Baghdad, Iraq - (Nov 26) - Rather than submit to fascist UN inspectors trying to find his non-existent nuclear, chemical and biologic weapons and, in order to show solidarity with human nature itself, Saddam Hussein, President of Iraq, today, released enough aerosol anthrax and VX nerve gas to wipe out the entire population of the world twice over.

In fact, by the time you read this, you should be, uh, no longer able to read this.

Mi Casa....

According to sources at Microsoft, Bill Gates' $38 billion dollar mansion is the only structure on the planet capable of withstanding all known chemical and biologic warfare agents.

According to Larry Ellison, former CEO of the former Oracle Systems, "Fortunately, Bill Gates is the kindest, gentlest, most sincere, and understanding human being alive today, and I love him more than life itself. I would do absolutely anything for Bill Gates, and I'm sure the feeling is mutual -- at least in proportion to our relative net worths."

Thanksgiving Postponed

Acting President, Jesse Helms, announced today that, due to the recent end of all life on the planet except Bill Gates and "friends," the Thanksgiving Holiday will be temporarily postponed.

"If you bury your turkey and stuffing at least 8 feet underground," said President Helms in a live RealAudio webcast from Martha Stewart's "Eat Me" website, "It should keep long enough so you can still enjoy it, once the holiday has been re-instated after the end of the world is over."

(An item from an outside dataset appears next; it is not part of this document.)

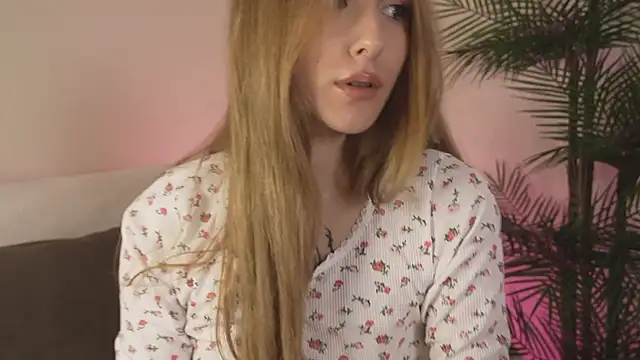 Vegas V online show from 11/28/25, 02:42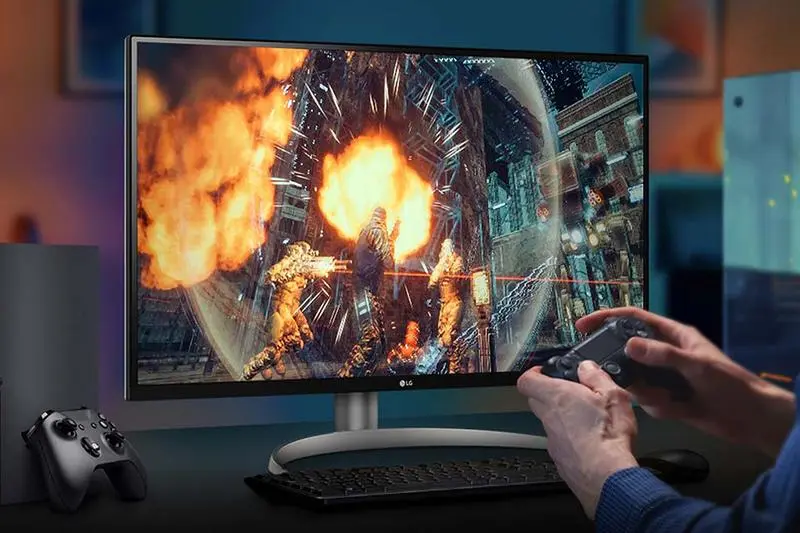 Open Box LG UHD Monitor (32UQ750) - 31.5-Inch UHD 4K HDR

Helms spoke from the temporary US government headquarters, housed in the servants' quarters of the Bill Gates mansion.

In other government news, Attorney-General Strom Thurmond announced that, after careful study by himself, all anti-trust charges against Microsoft have been found to be absolutely and utterly groundless and have been utterly and absolutely dropped. -- Like a VX canister over LA.